Stay in your home longer by making these home modifications to age in place
Love it? Don’t Leave it!!
Does your home feel as though it’s conspiring against you as you age. All those steps make your knees ache, you have to risk life and limb to reach the top shelves in your cabinets, and there’s always something—whether it’s a scatter rug (even the name sounds dodgy) or a slippery tile floor—there to trip you up!

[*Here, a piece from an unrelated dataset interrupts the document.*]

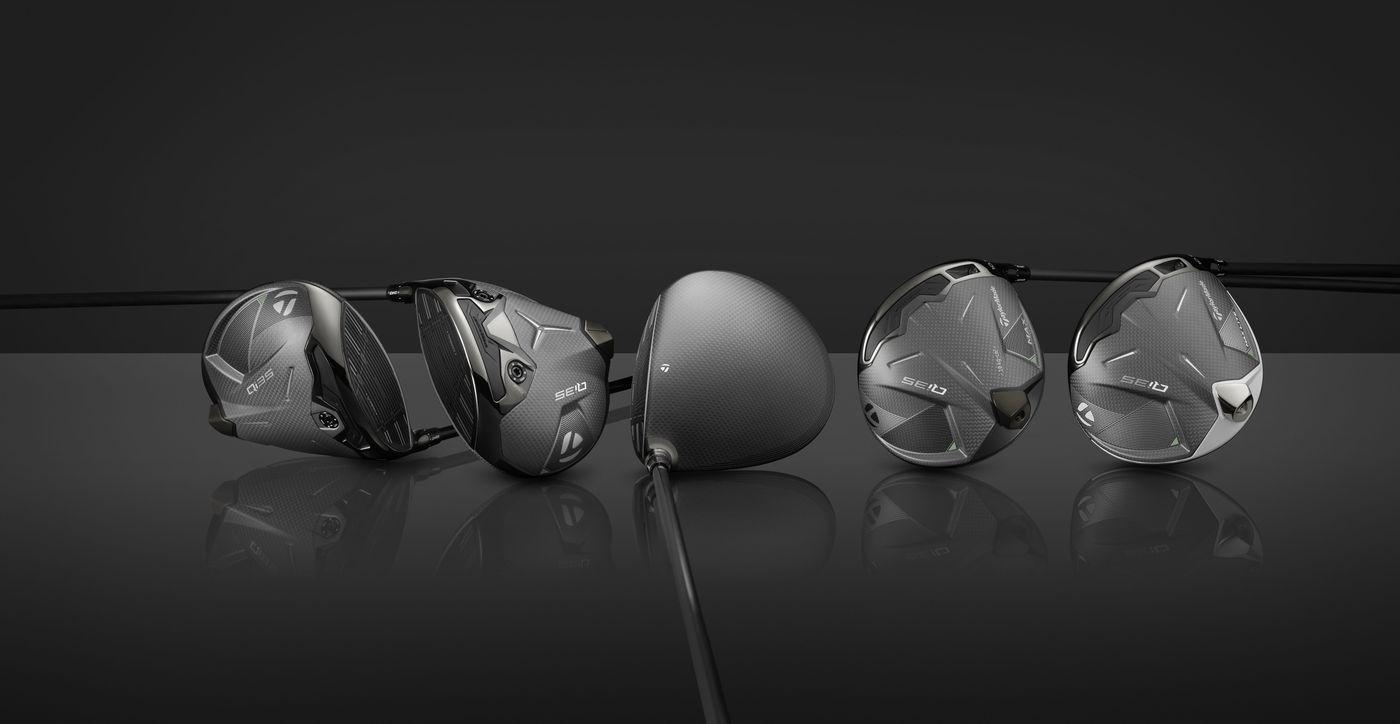 테일러메이드 2025 신제품 Qi35 시리즈.(테일러메이드 제공)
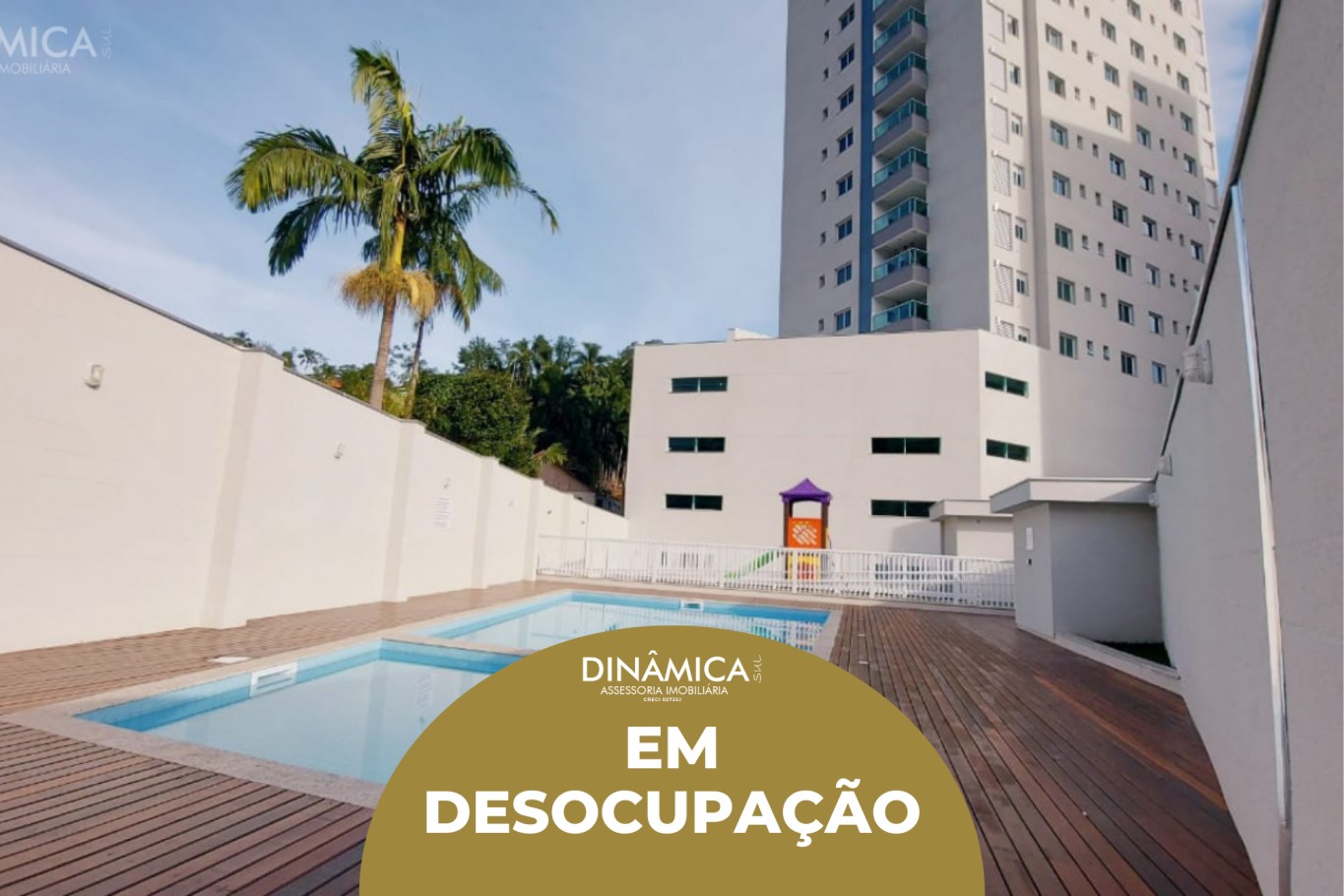 Alugar Apartamento no bairro Itoupava Norte em Blumenau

Remember when you “baby proofed” for your kids? Well, if you want to stay in your home you love, it’s time you “mature proofed” it (also known as Universal Design).
No climbing to cook
Most traditional cabinets have shelves that even the tallest person can’t reach. Rather than risk a tumble off a step ladder, bring everything you need down to lower cabinets and use other storage methods such as rolling carts or pegboards to keep the stuff that just won’t fit handy. There are also other gadgets such as “pull-down shelves” that fit in upper cabinets and even height-adjustable motorized cabinets you can use to bring your kitchen tools right to you. And remember that D-shaped handles are easier and less painful for arthritic to pull than round knobs.
Use the facilities safely
A 17” toilet high puts less strain on your legs, knees and back. But if you’re not ready to spring for a new commode, a plumber can raise your existing one on a platform or you can even buy a seat that elevates the toilet for easier up and down. Grab bars are also a great addition both around the toilet and in the shower to keep you on your feet. Also make sure that floors, tubs and showers have nonskid mats or strips—even better, get off your feet altogether with a seat or built-in bench in your shower. Plus, shower stalls should be low or no-threshold for ultimate safety.
Stay on flat ground
While a single-floor home is best, a master suite downstairs will keep all your activity on the main level (save the upstairs bedrooms for the kids when they visit). It’s also important to have at least one no-step entrance to your home, allowing you easier entrance everyday but especially if you have to use crutches, a walker or a wheelchair one day.
Around the house
Other additions you’ll appreciate as you get older include side-by-side refrigerator/freezers and raised front-loading washer/dryers and dishwashers (less bending), task lighting (good for aging eyes) and space for a seat near dryers and dishwashers and under countertops—anywhere you’re working and would like to get off your feet. Keeping a couple of “grabbers” (a claw-type tool on a long arm) around the house keeps you from bending over to pick up everything from dirty socks to dog poo.